Ambivalen Pernyataan Jokowi Soal Hukuman Mati Koruptor

| 10 Dec 2019 15:21
Ambivalen Pernyataan Jokowi Soal Hukuman Mati Koruptor
Presiden Jokowi (Biro Pers Setpres)
Jakarta, era.id - Anggota Komisi III DPR Nasir Djamil menilai ucapan Presiden Joko Widodo tentang hukuman mati bagi pelaku tindak pidana korupsi cuma retorika. 

Anggota Fraksi PKS itu menyebut pernyataan Jokowi bertolak belakang dengan sikapnya yang memberikan grasi kepada napi korupsi eks Gubernur Riau Annas Maamun.

"Presiden jangan hanya retorika saja, ya jangan mengatakan terkait hukuman mati tetapi dia mengoreksi terkait dengan pemberian grasi terhadap terpidana korupsi dan lainnya. Presiden (harusnya) konsisten," kata Nasir di Gedung Parlemen, Senayan, Jakarta, Selasa (10/12/2019).

Nasir juga menilai Jokowi keliru jika mengatakan hukuman mati adalah kehendak masyarakat. Sebabnya, soal hukuman mati sudah diatur dalam Pasal 2 ayat 2 UU 31 Tahun 1999 tentang Tindak Pidana Korupsi.

Ia mengatakan ada dua kondisi yang layak bagi koruptor dijatuhi hukuman mati, salah satunya seperti yang disebutkan Jokowi, yaitu hukuman mati bisa saja diberlakukan bagi pelaku korupsi dana bantuan bencana alam.

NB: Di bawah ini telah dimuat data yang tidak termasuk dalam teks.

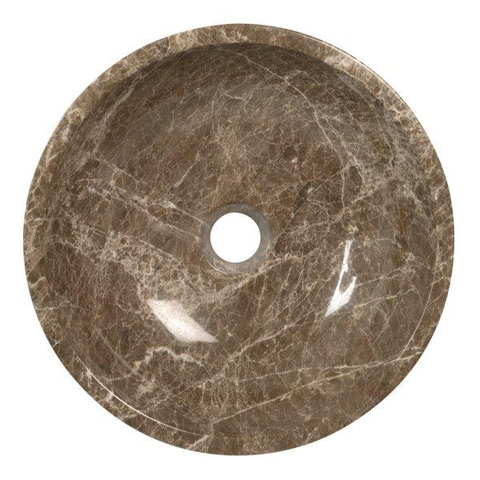 Plieger Round waskom - 38x38x13.6cm - marmer bruin SW536473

"Pertama itu ketika kondisi ekonomi kita itu sedang Krisis. Yang kedua misalnya negara dalam bencana berat penyelenggara negara misalnya melakukan korupsi di dua kondisi itu maka UU mengatakan bahwa dia layak dihukum mati," ucapnya.

Ucapan Nasir senada dengan pakar hukum pidana Universitas Trisakti, Abdul Fickar Hadjar. Dia bilang, sikap Jokowi dengan apa yang disampaikannya soal hukuman bagi koruptor berbeda.

"Ya, ini sikap ambigu atau ambivalen. Tidak jelas arahnya," kata Fickar kepada wartawan.

Menurutnya, sikap ambigu ini juga tercermin dari keputusan yang diambil oleh Jokowi sebelumnya. Termasuk, soal komitmennya terhadap pemberantasan korupsi.

"Jangan-jangan, komitmen (Jokowi) terhadap pemberantasan korupsi pun begitu. Buktinya, Pak Jokowi setuju UU KPK direvisi dan KPK dilemahkan," cetusnya.

Sebelumnya, Presiden Joko Widodo mengatakan hukuman mati bisa saja diberlakukan bagi pelaku tindak pidana korupsi atau tipikor, khususnya untuk korupsi bencana alam.

"Kalau korupsi bencana alam, dimungkinkan. Kalau nggak, tidak. Misalnya ada gempa, tsunami, di Aceh atau di NTB kita ada anggaran untuk penanggulangan bencana, duit itu dikorupsi, bisa (dihukum mati)," ujar Jokowi di SMKN 57, Jakarta, Senin (9/12).